Is there strong opposition from Wordmark owners around something like this or is it just the difficulty of getting many people to agree on the same thing?


----------



## VacationForever (Dec 19, 2016)

Whichway said:


> Is there strong opposition from Wordmark owners around something like this or is it just the difficulty of getting many people to agree on the same thing?


The founding fathers of Worldmark put a tight governing document to protect the owners.  Worldmark was formed as a non-profit organization back then.


----------



## bizaro86 (Dec 19, 2016)

The highest turnout ever for anything Worldmark related is less than 40%, and that's mostly because they gave away a cruise for voting. 

Plus, a big chunk of those votes came from folks (including myself) who would be militantly opposed to merging the two.

Worldmark has way lower MF costs than club Wyndham,  and much greater flexibility. That would all likely be diluted in a merger, and the access worldmark owners would get in return wouldn't come close to making it worthwhile.

Any WM owner who wants that access can buy a cheap CWA contract, and a Wyndham owner could just buy a small WM contract.


----------



## VacationForever (Dec 19, 2016)

Plus the Worldmark governing document also limits MF increase per year.


----------



## ronparise (Dec 19, 2016)

sptung said:


> Plus the Worldmark governing document also limits MF increase per year.



But the limit (5%) is more than any of my club Wyndham resorts have raised their mf

And to the  point that Worldmark is a non profit. So is club Wyndham  and nearly every other cindi home owners association I'm aware of

Club Wyndham and worldmark are two separate and distinct timeshare programs.  I am confident that Wyndham has no secret plan to combine the two


----------



## ecwinch (Dec 20, 2016)

Almost every timeshare is organized as a non-profit corporate organization. Nothing unique about WM there.

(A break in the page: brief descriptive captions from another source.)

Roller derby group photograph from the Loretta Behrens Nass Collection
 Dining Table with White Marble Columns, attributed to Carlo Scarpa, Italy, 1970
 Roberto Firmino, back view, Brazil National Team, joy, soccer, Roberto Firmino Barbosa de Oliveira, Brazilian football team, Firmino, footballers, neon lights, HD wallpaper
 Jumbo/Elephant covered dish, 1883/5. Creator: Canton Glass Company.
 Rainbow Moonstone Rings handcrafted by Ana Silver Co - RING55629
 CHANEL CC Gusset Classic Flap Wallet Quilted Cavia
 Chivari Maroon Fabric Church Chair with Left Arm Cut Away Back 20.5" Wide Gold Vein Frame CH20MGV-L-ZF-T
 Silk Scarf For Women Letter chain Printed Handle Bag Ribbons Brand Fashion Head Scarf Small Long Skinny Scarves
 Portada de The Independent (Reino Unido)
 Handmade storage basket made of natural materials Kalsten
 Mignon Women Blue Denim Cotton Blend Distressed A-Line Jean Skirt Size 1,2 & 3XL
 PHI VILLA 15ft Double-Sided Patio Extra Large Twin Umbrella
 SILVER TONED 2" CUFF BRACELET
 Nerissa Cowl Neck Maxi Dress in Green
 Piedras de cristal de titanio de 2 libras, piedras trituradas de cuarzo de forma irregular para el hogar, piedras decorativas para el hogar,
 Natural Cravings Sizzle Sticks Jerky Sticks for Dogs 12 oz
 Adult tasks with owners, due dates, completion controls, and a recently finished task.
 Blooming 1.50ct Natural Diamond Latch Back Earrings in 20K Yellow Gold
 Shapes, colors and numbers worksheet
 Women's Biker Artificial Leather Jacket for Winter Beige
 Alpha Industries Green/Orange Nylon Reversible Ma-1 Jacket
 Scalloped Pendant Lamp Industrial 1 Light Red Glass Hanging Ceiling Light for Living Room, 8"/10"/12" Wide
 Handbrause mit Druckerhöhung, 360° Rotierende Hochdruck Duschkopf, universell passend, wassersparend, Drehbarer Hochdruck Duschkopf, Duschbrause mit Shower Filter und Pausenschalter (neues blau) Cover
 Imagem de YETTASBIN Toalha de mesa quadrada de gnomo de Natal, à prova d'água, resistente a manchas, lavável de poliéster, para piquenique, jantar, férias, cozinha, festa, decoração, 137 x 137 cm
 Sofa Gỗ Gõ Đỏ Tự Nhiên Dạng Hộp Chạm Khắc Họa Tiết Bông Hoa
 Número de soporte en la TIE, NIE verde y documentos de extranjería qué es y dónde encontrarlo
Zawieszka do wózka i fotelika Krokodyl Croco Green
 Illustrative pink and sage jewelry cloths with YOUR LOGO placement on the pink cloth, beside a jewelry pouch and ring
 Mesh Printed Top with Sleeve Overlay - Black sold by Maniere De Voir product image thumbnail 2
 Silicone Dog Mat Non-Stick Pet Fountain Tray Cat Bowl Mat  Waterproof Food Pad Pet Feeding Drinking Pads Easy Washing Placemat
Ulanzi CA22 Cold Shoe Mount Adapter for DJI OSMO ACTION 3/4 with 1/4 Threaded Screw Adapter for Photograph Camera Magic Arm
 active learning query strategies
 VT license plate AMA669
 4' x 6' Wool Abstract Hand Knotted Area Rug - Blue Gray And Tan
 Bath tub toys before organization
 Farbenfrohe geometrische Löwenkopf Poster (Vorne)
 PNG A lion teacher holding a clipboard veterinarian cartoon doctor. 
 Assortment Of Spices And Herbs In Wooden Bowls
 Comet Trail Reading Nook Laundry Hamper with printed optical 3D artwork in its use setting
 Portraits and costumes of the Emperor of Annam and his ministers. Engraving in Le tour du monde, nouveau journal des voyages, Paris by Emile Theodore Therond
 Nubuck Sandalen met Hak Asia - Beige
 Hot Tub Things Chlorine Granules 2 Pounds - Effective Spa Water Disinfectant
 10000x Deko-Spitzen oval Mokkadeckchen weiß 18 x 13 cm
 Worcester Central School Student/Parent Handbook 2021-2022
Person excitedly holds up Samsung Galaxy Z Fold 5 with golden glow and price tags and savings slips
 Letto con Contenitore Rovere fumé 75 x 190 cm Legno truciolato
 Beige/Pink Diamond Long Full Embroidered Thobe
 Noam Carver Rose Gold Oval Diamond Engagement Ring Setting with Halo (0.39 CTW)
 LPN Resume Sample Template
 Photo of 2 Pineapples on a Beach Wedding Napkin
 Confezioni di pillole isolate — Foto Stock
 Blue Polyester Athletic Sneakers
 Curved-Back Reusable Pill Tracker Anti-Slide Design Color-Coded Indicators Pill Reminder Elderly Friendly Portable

It is the specific provisions of the WM governing documents that afford the protections that prevent it. If WM owners approved a merger, Wyndham would need no approval from members of Club Wyndham.


----------



## ronparise (Dec 20, 2016)

ecwinch said:


> Almost every timeshare is organized as a non-profit corporate organization. Nothing unique about WM there.
> 
> It is the specific provisions of the WM governing documents that afford the protections that prevent it. If WM owners approved a merger, Wyndham would need no approval from members of Club Wyndham.






ecwinch said:


> Almost every timeshare is organized as a non-profit corporate organization. Nothing unique about WM there.
> 
> It is the specific provisions of the WM governing documents that afford the protections that prevent it. If WM owners approved a merger, Wyndham would need no approval from members of Club Wyndham.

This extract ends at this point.